Powerful Amazones Women Master Drummers Inspire Other Women

Amazones women master drummers performing

Their arms are muscular but not unattractive.  Their bodies look tough yet almost tender looking.  The sounds from their drums say a lot—they reverberate with power, strength, control and something indescribable.  These are the Amazones Women Master Drummers, yes you heard right, women master drummers who have squashed many norms in African society.

It all began in 1997 when Mamoudou Conde, master sculptor and carver from Guinea, initiated the idea of having women play traditional instruments typically reserved for men at a professional level – a stage very unfamiliar to women in Guinea at the time and perhaps even unheard of in African history.

As Managing Director for the Guinea National Percussion (Les Percussions de Guinee) and Les Ballets Africains, one of the largest companies on the continent operating since 1952, he divided his time between Guinea and the U.S. During most of his international tours, Conde observed that Western women showed an eagerness to learn to play the Djembe, whereas those from its origin exhibited the opposite.  This triggered a desire in him to start the group in spite of the challenges he knew he would face at gathering willing and interested participants.  He viewed this position of sharing his world – Africa – with the west as one that helped him gain a better understanding of African women and conditions that hindered them from breaking out of their shells.  This new perspective developed into an interest to “build a bridge to empower African women around the world and make role models out of them.”

“I think it was the right timing, and I was the right person at the right place to start this with less trouble,” Conde says about the consequences of organizing such a movement in a culture that would have viewed it as a taboo.

By 1998, Amazones Women Master Drummers was finally formed and later received assistance from the Guinea Department of Culture after a period of reluctance.  The administration agreed to allow its male national group to train the women as such instruments were only played by men at the time.

“I wanted inner city young women who barely had their lives together.  Those are the types of women I wanted to bring together to be able to give them a hope in life,” Conde expresses his interest to specifically recruit women who were hopeless and left in desperate positions.  During their tours, young women who had been unable to receive education due to financial reasons were assisted to read and write both French, the official language of Guinea, and English.  From different parts of the country they came, and together have become a symbol of hope for women in different parts of the world.

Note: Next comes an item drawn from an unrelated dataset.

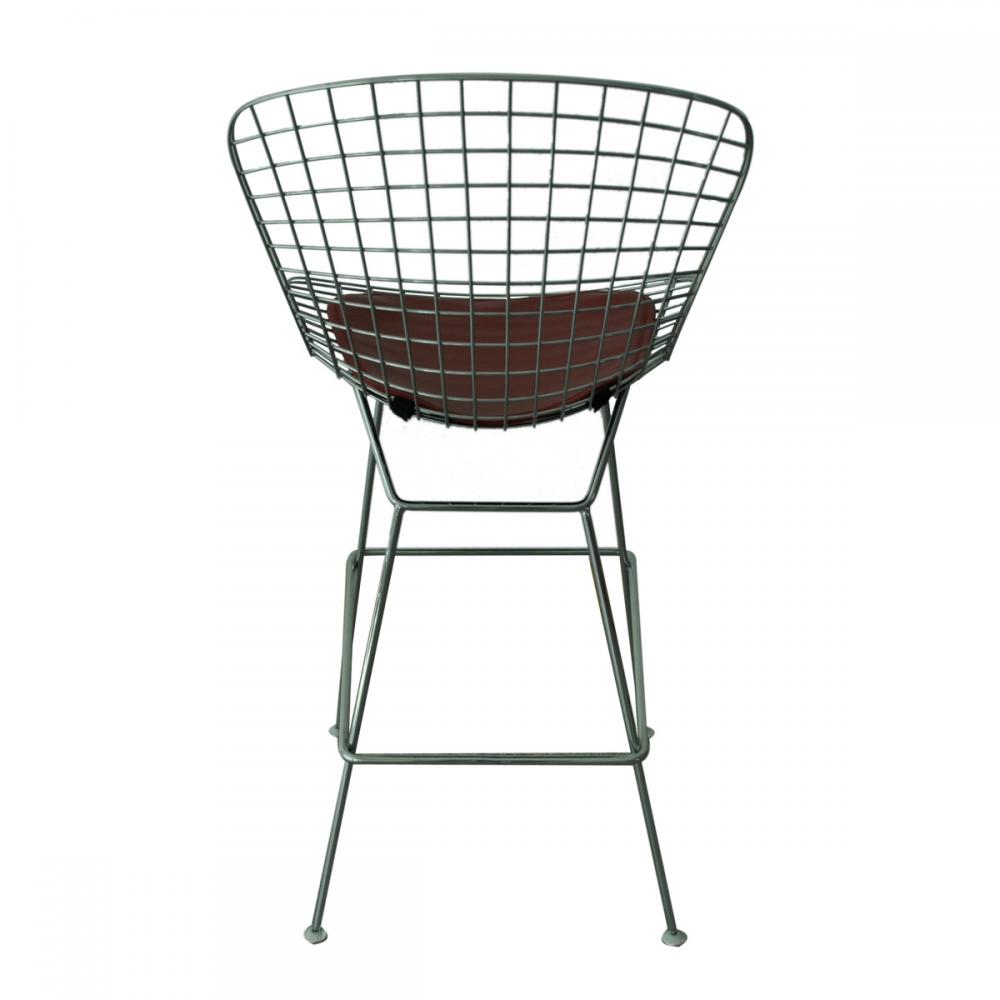 التصميم الكلاسيكي الحديث Harry Bertoia Barstool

Fatoumata Bangoura, known as the best female player of the Djembe instrument and first to become a master of it says:

“The message I have for other women as a role model is to give them the courage to do anything they feel like doing because when we were born, they used to say that women were not supposed to touch even the Djembe, but we went and did it. When you have courage, you can do anything you want to do.  It’s not only me, it’s many other women in this group with me, but all decided to touch the traditional instrument.  If we can do it, any other woman in the world can do it.  Our message is to give them the courage, to really get up and do anything and succeed.”

Conde seems to have done an excellent job of achieving his main objectives with Amazones Women Master Drummers since its inception.

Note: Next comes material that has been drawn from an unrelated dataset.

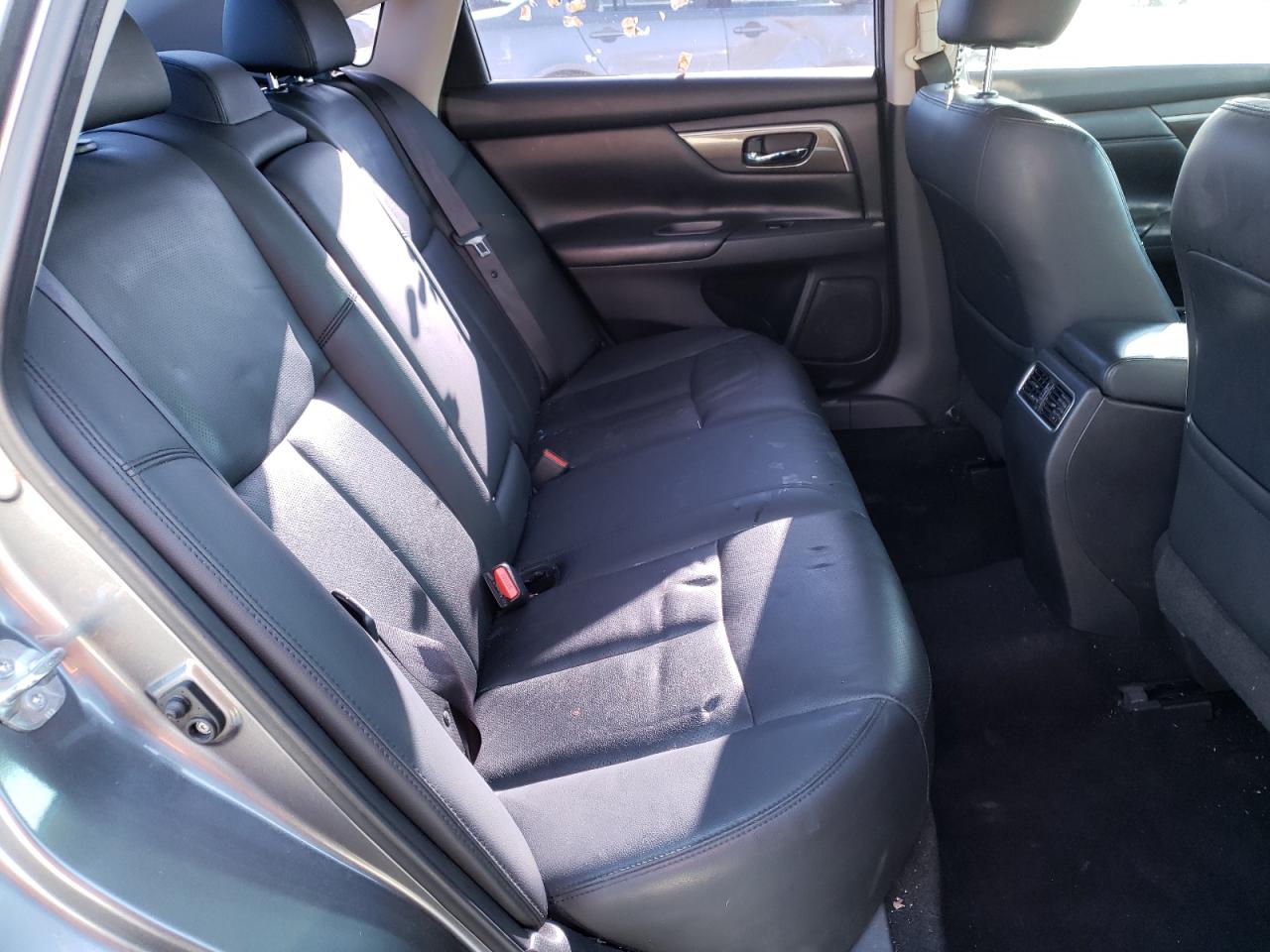 Photo 6 from auction – 2015 NISSAN ALTIMA 2.5 with VIN 1N4AL3AP4FC160968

Maimouma Sylla, one of the most powerful female players of the doundoun instrument, is the only female to have ever reached the same level of skill needed to play this piece of equipment.  Doundoun is the largest of the instruments and it is the foundation of all the rhythms, without it everything collapses, explains Conde.  It was the first that attracted Sylla and she has mastered it ever since.

“When I stand on stage, I just want to take over, control the entire stage and the audience,” she says about the power and joy she gets from the instrument she has fallen in love with, one she is best at not only among the women but also men in Guinea today. “I know the instrument loves me and I love it,” Sylla says with passion.

About being the best female player of the doundoun instrument, Sylla says, “It makes me feel good about myself.  It makes me feel strong, powerful and it gives me an intense strength that any woman would like to see herself in.”

The group recently performed at the New Orleans Jazz festival where they played four concerts.  They are also open to various shows including one for the youth.  “We do a lot of work with young folks which help many children to understand more about their own culture,” says Conde, “Because when you learn about other people’s culture, it gives you a basic understanding about your own culture.”

Between 2006 and 2007, the group has been able to work with almost 100,000 children through the support of various cultural centers in the United States and other major international organizations and has toured Europe, Africa, Canada and North America.